名張毒ぶどう酒事件 再審の可否、名古屋高裁が3月3日に決定
1961年に三重県名張市で起きた名張毒ぶどう酒事件で、亡くなった奥西勝さんの再審の可否について、名古屋高裁が3月3日に決定を出すことが分かりました。
名張事件は、一審で無罪判決が出たものの、二審で逆転死刑判決になり、7回目の再審請求で名古屋高裁が再審開始を認めたものの、検察の異議申し立てで再審が取り消されています。奥西さんは2015年に獄中で亡くなりました。妹の岡美代子さんが裁判を引き継いでおり、現在おこなわれているのは10度目の再審請求となります。

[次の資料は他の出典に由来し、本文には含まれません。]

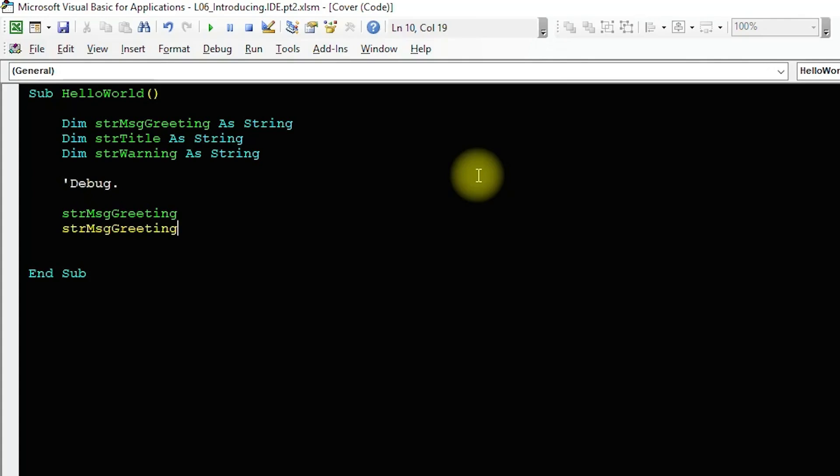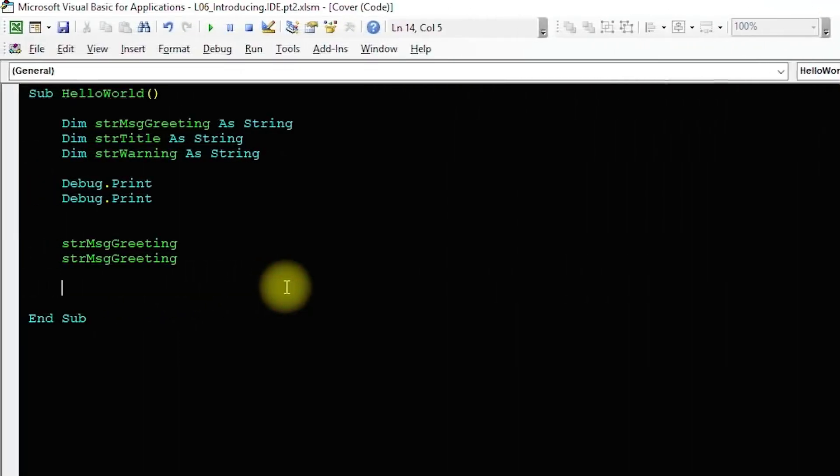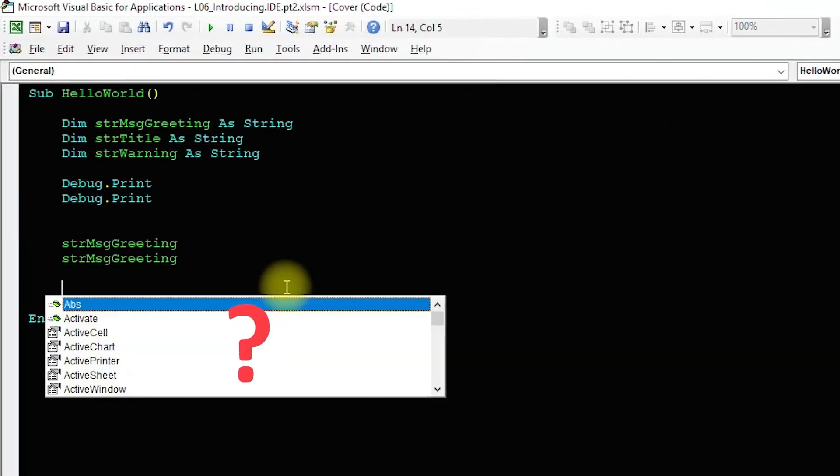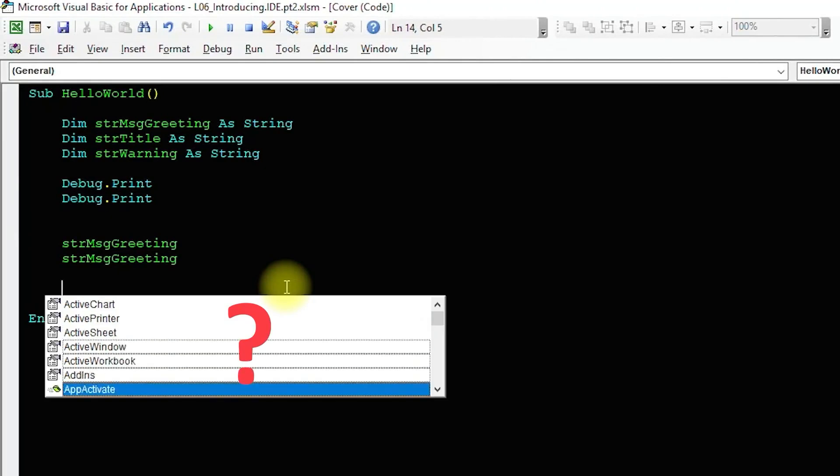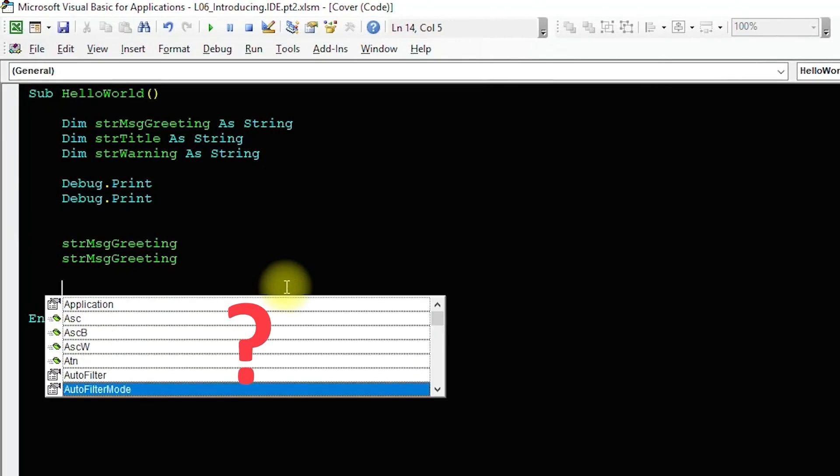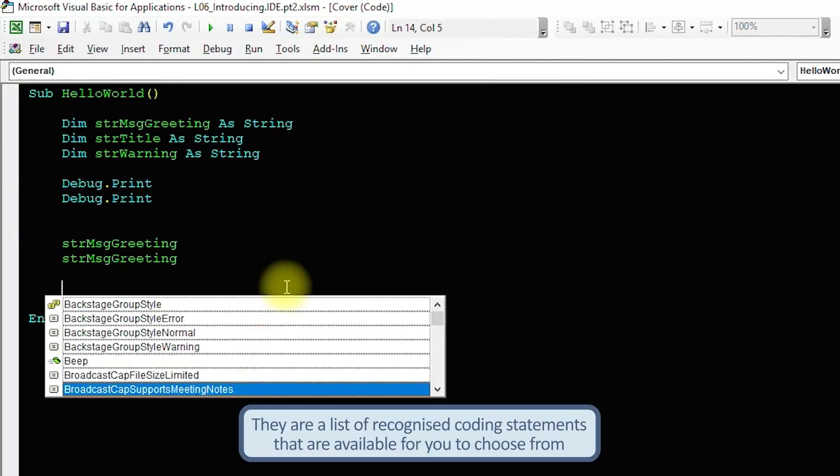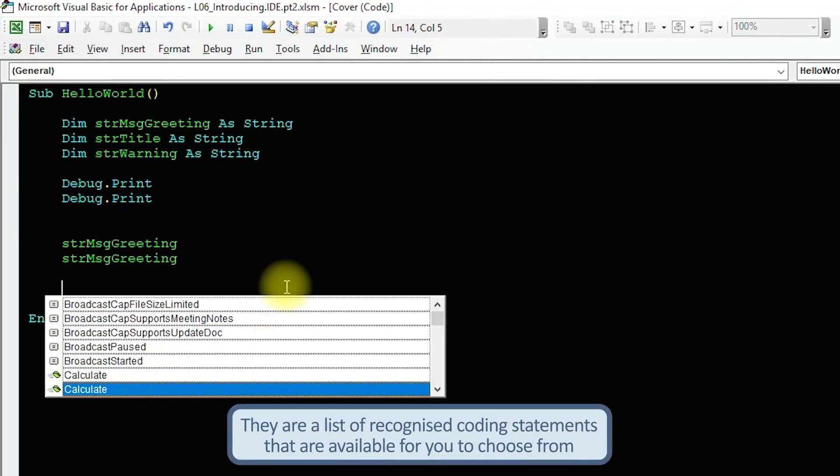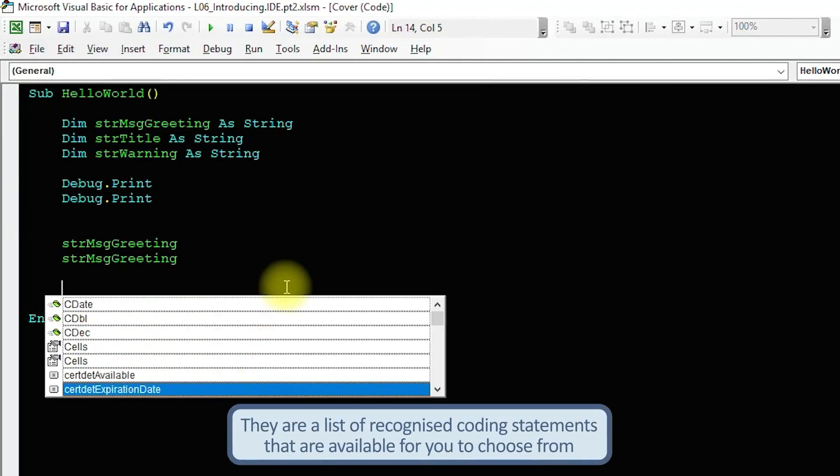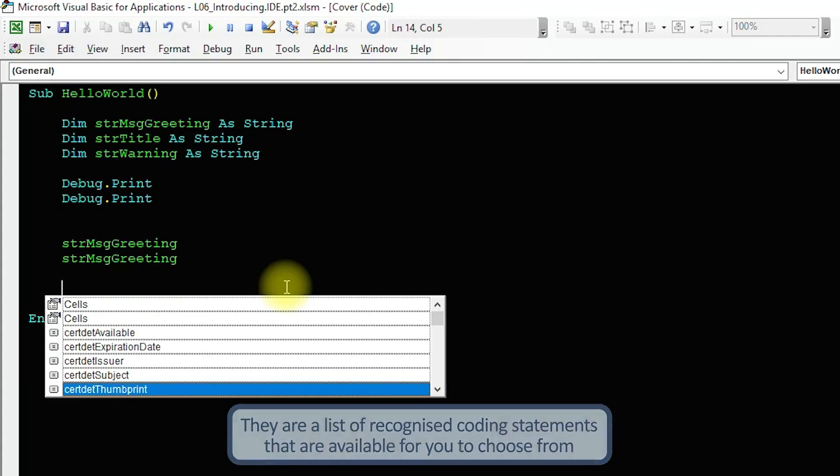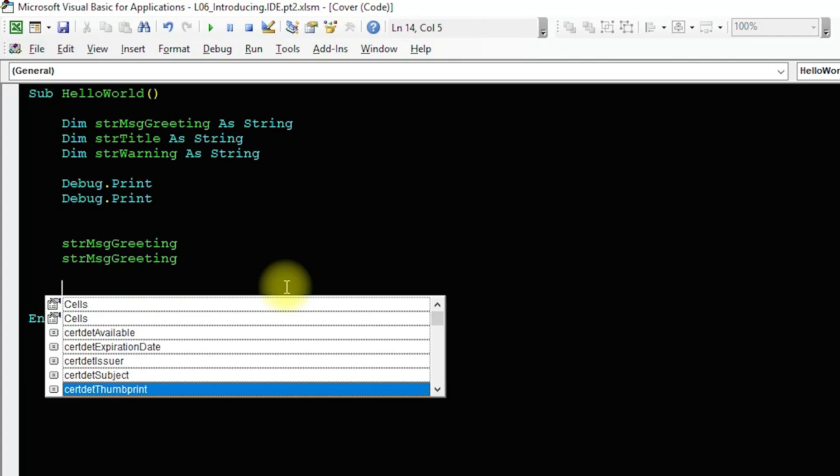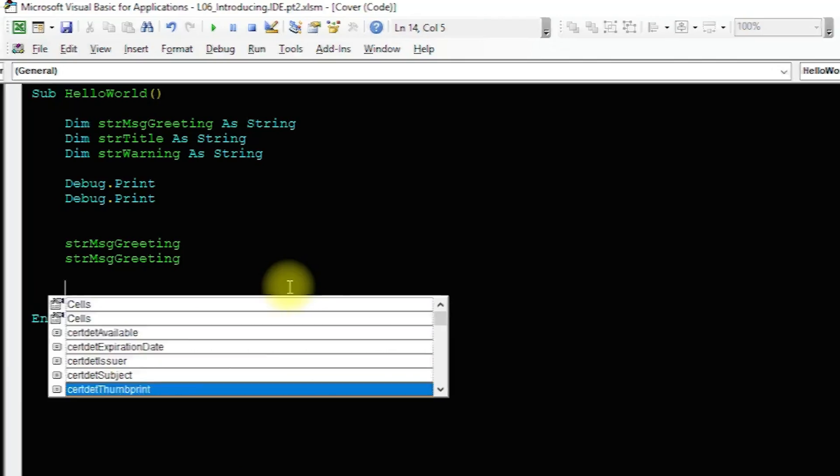Now, obviously I'm doing this slowly for demonstration purposes, but take a moment to think how much time that is going to save you when you're working at speed. What about the rest of the items in this list? What are they? Well, they are a list of recognized code terms that are available for you to choose from. From variables to commands and so on. And this tool is even more powerful than it first appears.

弁護団は、ぶどう酒の瓶に巻かれた封かん紙の糊の成分を鑑定。その結果、二種類の糊が検出されたことが分かり、封かん紙が貼り直されていた事実を解明。さらに、検察が隠していた事件直後の現場にいた住民の供述調書を開示せたことにより、現場に到着したぶどう酒の瓶に封かん紙が巻かれていたと述べられていたことが分かりました。奥西さんは警察に強要された嘘の「自白」で、毒を入れる際に封かん紙は破れ落ち、どこかにいった旨の供述をしています。このことから、奥西さんの「自白」が信用できないことが鮮明になりました。弁護団は、奥西さん以外の者が瓶に毒を混入した後、再び封かん紙を貼り直した可能性が高いと主張し、奥西さんの再審を開始するよう求めています。